Failure to Implement Key Recommendations of Treaty Bodies

In 2009 the Committee on the Elimination of Racial Discrimination requested that the UAE provide information within one year on its follow-up to three key recommendations. These were as follows:

  • Strengthen the protection of all foreign laborers through adequate legislation and policies aimed at curbing abuses.
  • Finalize and promulgate legislation to protect the labor rights of domestic workers, to prevent abuses and to enable domestic workers to easily file complaints in the case of such abuses.
  • Continue its efforts to verify the nationality to the stateless bidun population without discrimination and grant nationality as appropriate and take appropriate measures to ensure their equal access to the labour market. 

In 2010, the Committee on the Elimination of Discrimination against Women requested that the UAE provide information on its follow-up to two key recommendations. These were as follows:

  • Enact legislation on violence against women, including domestic violence, to ensure that it is a criminal offence.
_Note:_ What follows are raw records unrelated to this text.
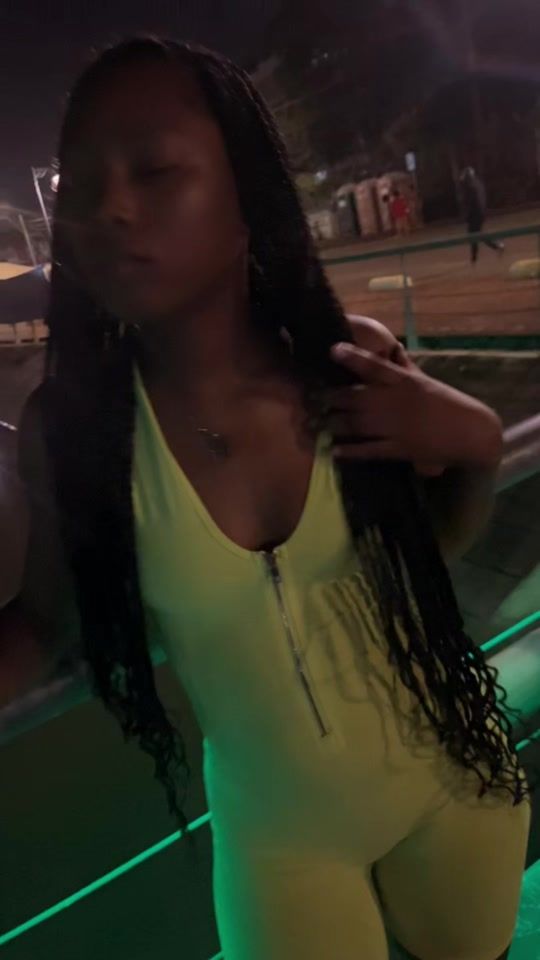 TikTok video thumbnail by sherayssa
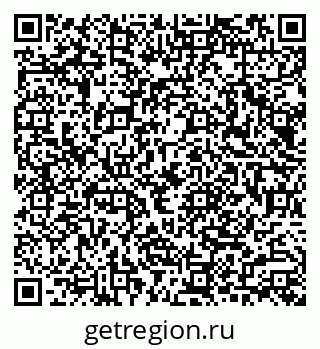 79087802827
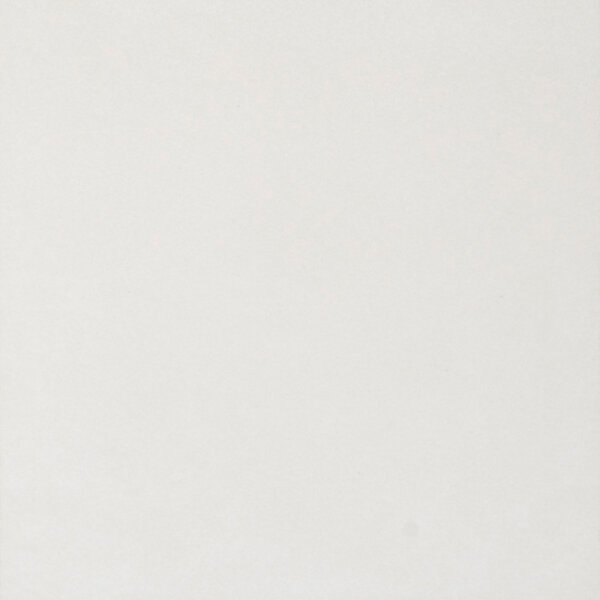 Marazzi Terramater 37,5X37,5 MPLX Vaniglia, afname per doos van 0,98 m²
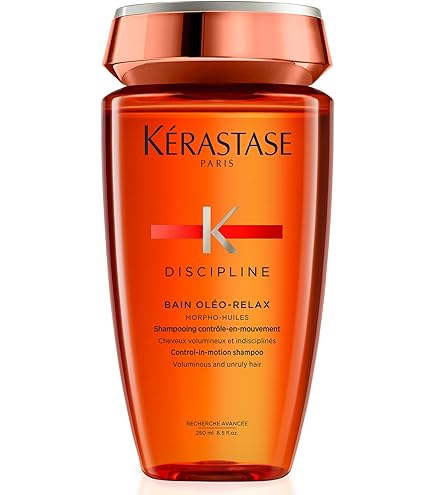Kerastase Chronologiste Bain Regenerant 34 oz / 1000ml : Amazon.sg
Strengthen recourse procedures so that all women and girls, including female migrant workers, who are victims of violence have access to immediate means of redress; provide shelter and rehabilitation to victims; ensure that perpetrators are prosecuted and adequately punished; and undertake nationwide educational and awareness-raising measures.
  • Strengthen the legal protection of foreign workers by adopting legislation and policies aimed at preventing abuses.  
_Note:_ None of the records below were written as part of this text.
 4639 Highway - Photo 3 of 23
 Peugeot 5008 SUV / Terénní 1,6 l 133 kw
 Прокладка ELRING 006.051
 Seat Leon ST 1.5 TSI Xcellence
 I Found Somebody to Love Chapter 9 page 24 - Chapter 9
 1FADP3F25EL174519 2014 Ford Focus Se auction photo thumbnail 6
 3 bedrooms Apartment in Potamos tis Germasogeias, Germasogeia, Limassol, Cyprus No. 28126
The UAE government has not supplied either committee with the follow-up information requested, and it has failed to implement the recommendations that the treaty bodies’ view as consistent with the UAE’s assumed treaty obligations.

Recommendations:

  • Inform the relevant treaty bodies – CERD and CEDAW – of the steps that have been taken to address key areas of concern in their concluding observations.
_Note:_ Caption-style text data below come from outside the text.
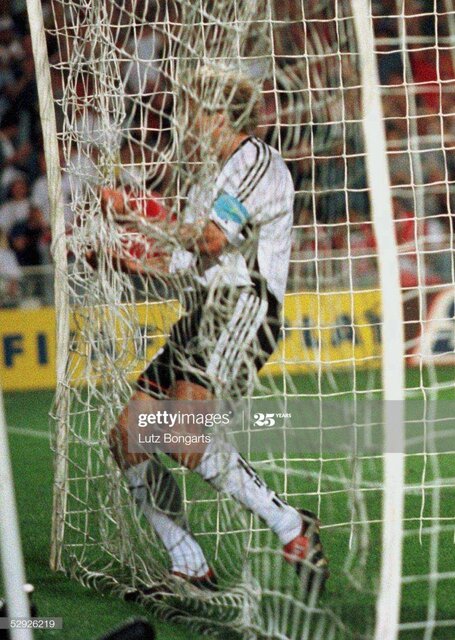 حساس ترین دیدار تاریخ فوتبال ایران به روایت تصویر (عکس)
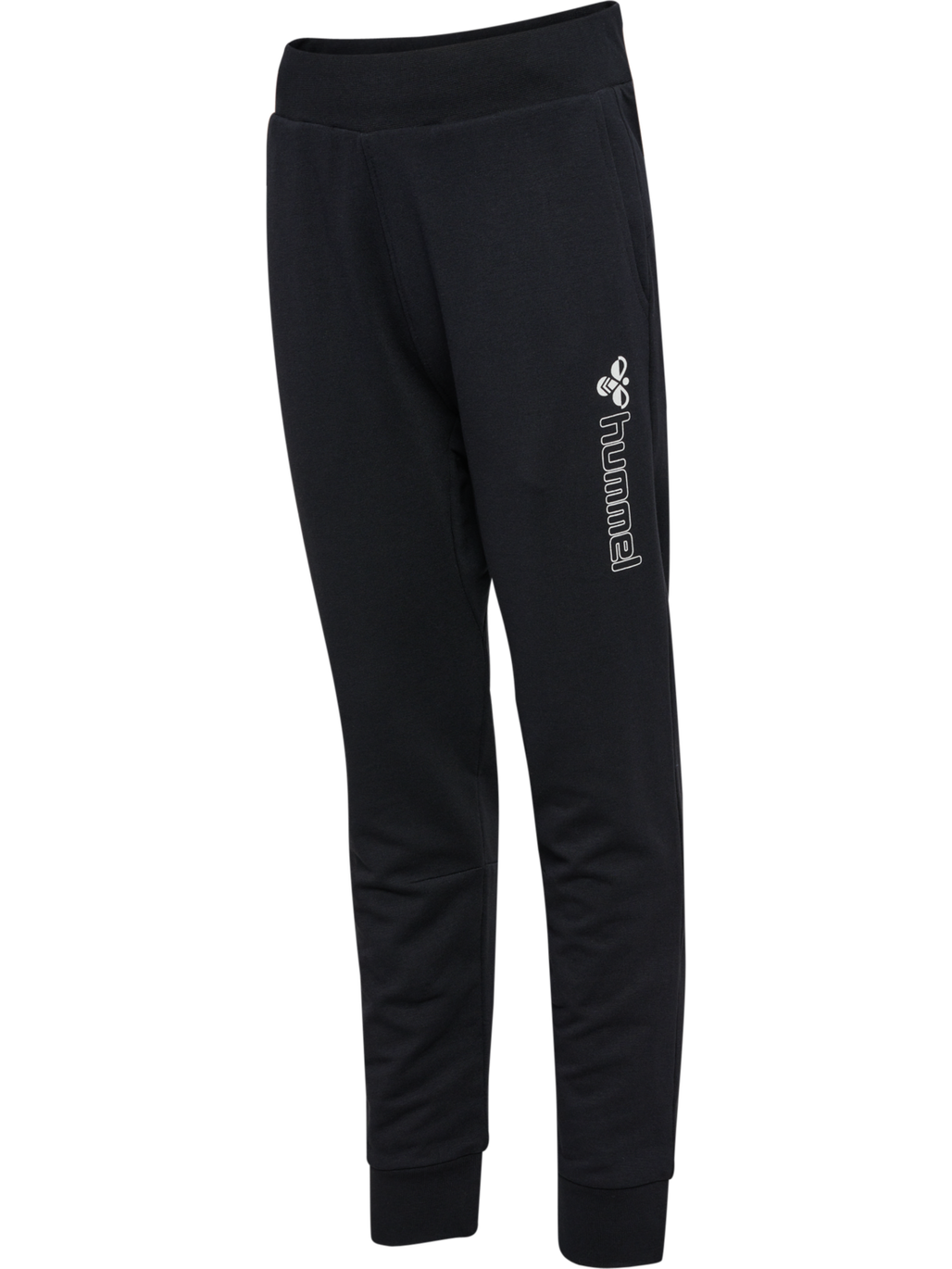 hmlATLAS ADJUSTABLE PANTS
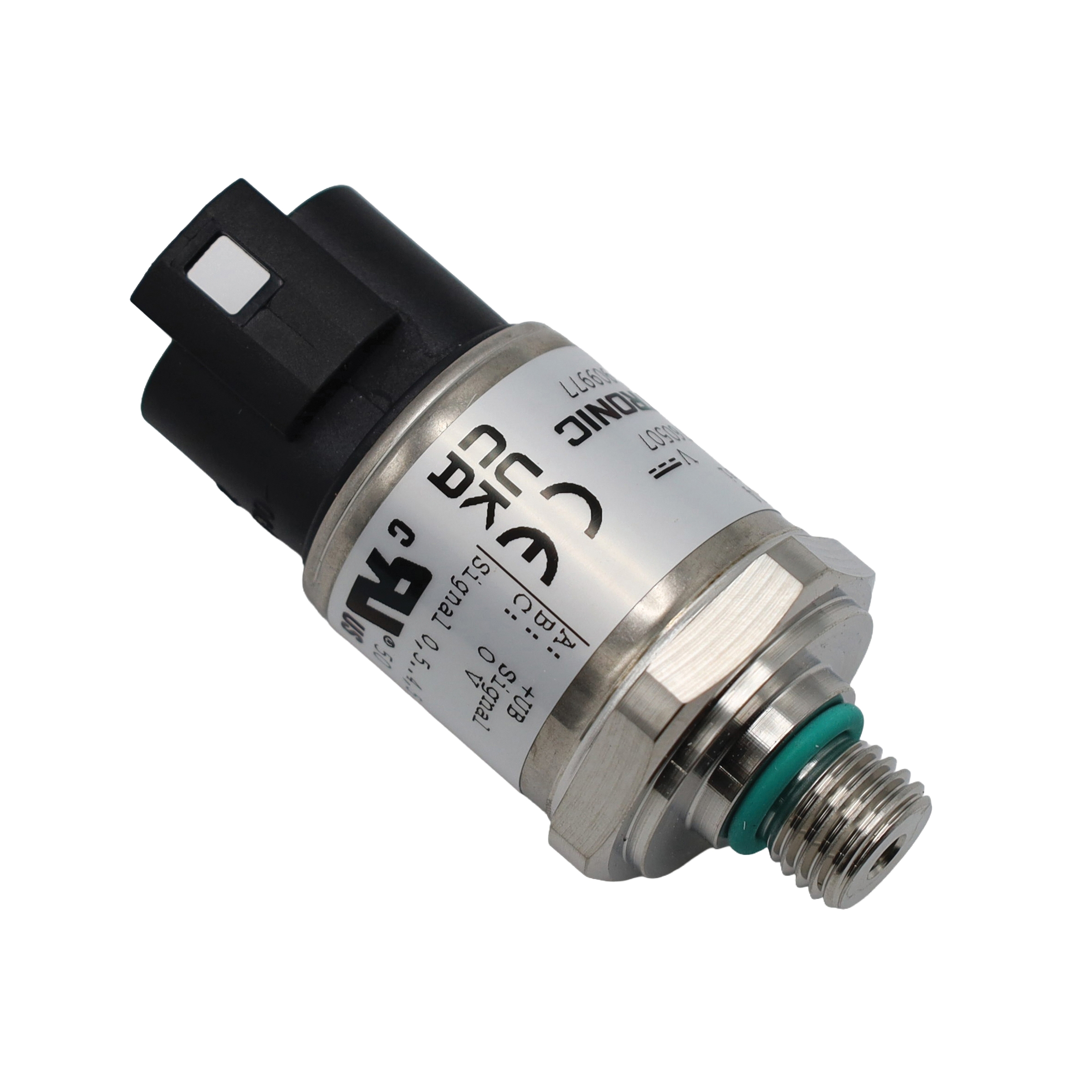 ELGIN&reg; 27939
Ratify and Implement Key Human Rights Instruments

UN General Assembly resolution 60/251 calls on members of the Human Rights Council to “uphold the highest standards of human rights.” This implies at the very least a commitment to assume obligations under the terms of core human rights conventions.

Recommendations:

  • Sign, ratify, and bring all domestic laws into compliance with important international human rights treaties to which it is not yet a party, namely the International Covenant on Civil and Political Rights (ICCPR), the International Covenant on Economic, Social and Cultural Rights (ICESCR),  the International Convention on the Protection of the Rights of All Migrant Workers and Members of Their Families (ICRMW), the Convention on the Rights of Persons with Disabilities (CRPD), and the International Convention for the Protection of All Persons from Enforced Disappearance (CPED).
  • Ratify International Labour Organisation (ILO) Conventions No. 87 and 98 on Freedom of Association and Collective Bargaining, respectively, and Convention 189 on Decent Work for Domestic Workers.
  • Withdraw reservations to articles 2(f), 9, 15(2), 16, and 29(1) to the UN Convention on the Elimination of All Forms of Discrimination against Women (CEDAW).
  • Implement its 2008 commitment to establish an independent national human rights institution that could advise the Government and receive and investigate complaints by the public.